Such a study is especially necessary for suspicion of a blister aneurysm or when CTA is not clearly exposing the aneurysm morphology. The chance of aneurysm recurrence after treatment of blister pseudoaneurysms is high and vigilant followup imaging is warranted.

Traditionally, ACoA aneurysms are categorized based on the direction of their dome relative to ACoA: inferiorly, anteriorly, superiorly, or posteriorly.

Currently, both endovascular and microsurgical options are available for treatment of most ACoA aneurysms. Depending on the aneurysm morphology and orientation, there is often a need to remove a small portion of the gyrus rectus and manipulate the regional perforating feeders to the septal region, hypothalamus, and anterior perforating substance. Therefore, there is some risk of cognitive decline associated with microsurgery, especially for high-functioning patients. This risk is especially real for the superiorly and posteriorly pointing aneurysms.

For this reasons, I consider endovascular options before offering microsurgery. Reasonable candidates for microsurgery include young patients (<50 years old) with a broad-based neck or thrombotic aneurysm. Rarely, a patient may also present with mass effect on the chiasm from a partially thrombosed large ACoA aneurysm. In this situation, microsurgery can effectively relieve the mass effect through clip ligation, intrasaccular clot evacuation and resolution of pulsatility from the aneurysm sac.

The recent introduction of balloon and stent-assisted embolization techniques has further expanded the realm of endovascular alternatives for management of this complex aneurysm subtype. The natural history of small neck remnants after coil embolization is unknown, but the risk of SAH is likely to be relatively low.

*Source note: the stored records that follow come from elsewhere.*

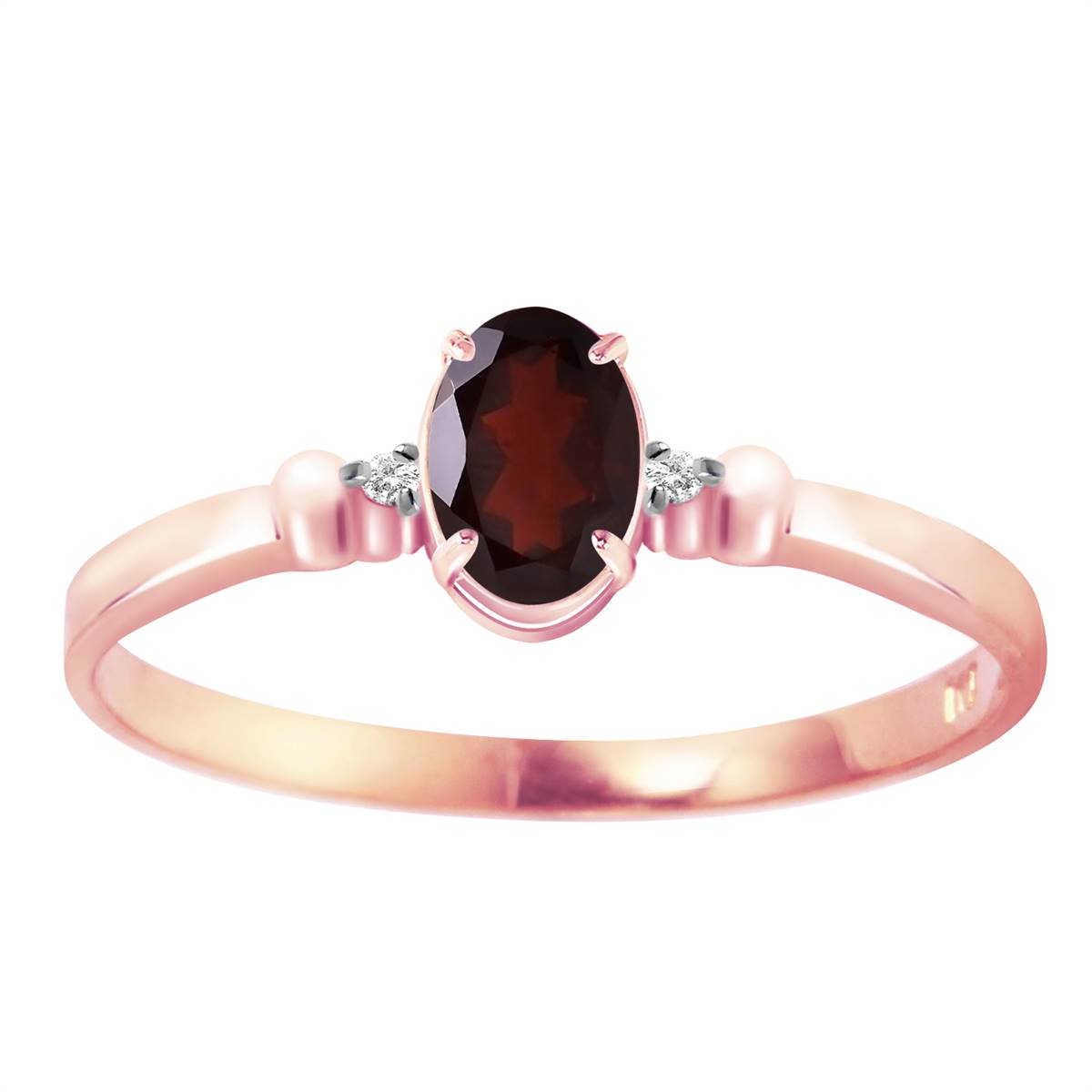 0.46 Carat 14K Solid Rose Gold Young Love Garnet Diamond Ring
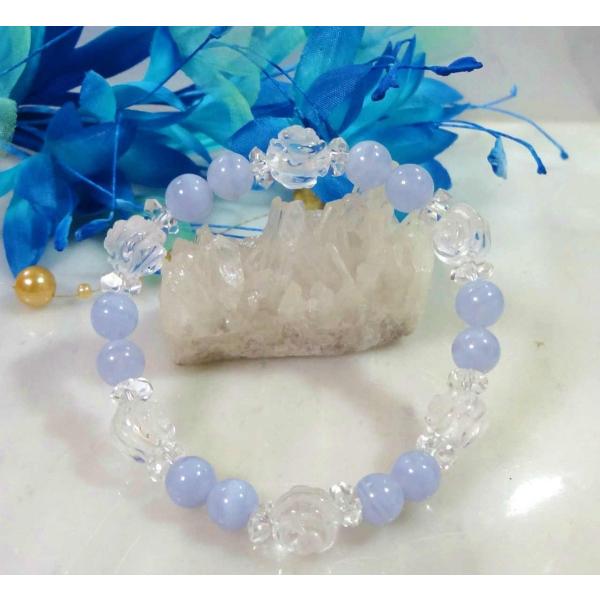 233 天然石 ブレスレット ダビデの星 ブルーレースアゲード クリスタル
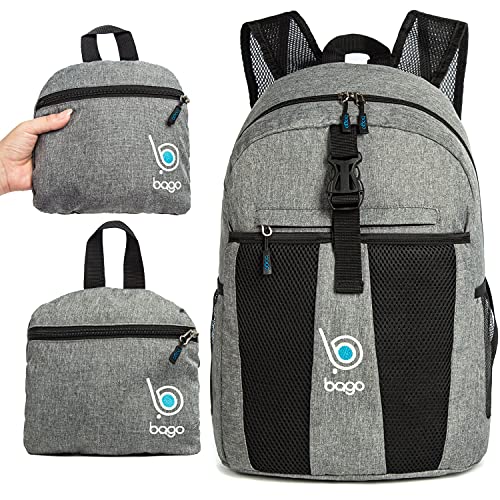 Bago Lightweight Small Hiking Backpack for Women and Men - 25L Travel Day Pack - Foldable Hiking Daypack Ultralight for Camping Outdoor Sports - Day Bag Packable Backpack for Travel (SnowGray) - Image 2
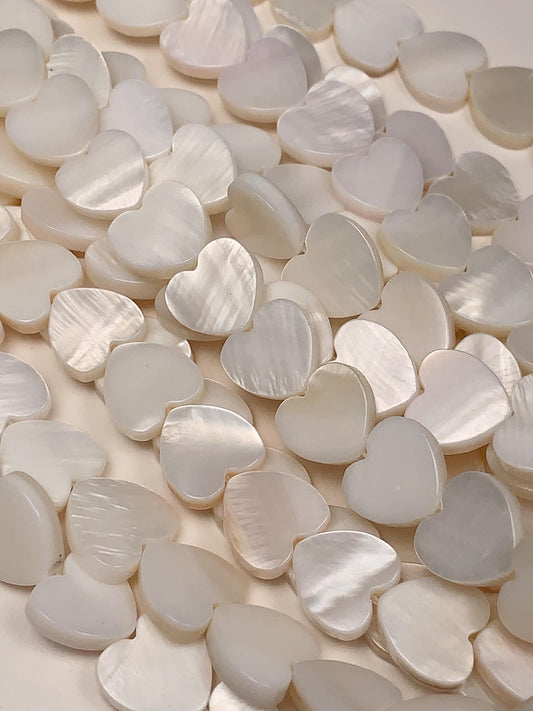 Natural Mother of Pearl Shell Heart Shape Beads Strand 15 Gemstone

Atherosclerotic aneurysms pose a risk of flow compromise within the A2 outlets during their clip ligation. Extravascular inspection may not demonstrate any obvious intraluminal stenosis and flow compromise within the afferent and efferent vessels. Such a discrepancy may cause postoperative ischemia in the distal territories of A2 branches, despite a lack of any obvious clip-induced stenosis on the postoperative angiogram.

Presently, there is no practical method to reliably quantify flow intraoperatively within the parent and branching arteries after clip ligation. Intraoperative fluorescence assesses flow qualitatively. Therefore, I believe highly atherosclerotic or calcified aneurysms are more safely managed via endovascular methods.

Computed tomography angiography (CTA) has become the study of choice for most cerebral aneurysms. The bony skull base can affect the resolution of the CTA for detailed disclosure of the morphology of ACoA aneurysms. I have therefore a low threshed for requesting a catheter arteriogram with 3D reconstruction sequences if the CTA is not providing adequate information for this complex vascular territory, especially in the case of small ACoA aneurysms that can mimic blister aneurysms.

Anatomical factors that should be studied preoperatively include: the size and projection of the aneurysm, the side of A1 dominance, the height of the ACoA complex from the cranial base and the orientation of the ACoA complex in sagittal and coronal planes. The presence of calcification and atherosclerosis affects the mode of therapy. Due to the complexity of the operative anatomy in this region, a careful study of preoperative images minimizes the risk of surprise intraoperative findings.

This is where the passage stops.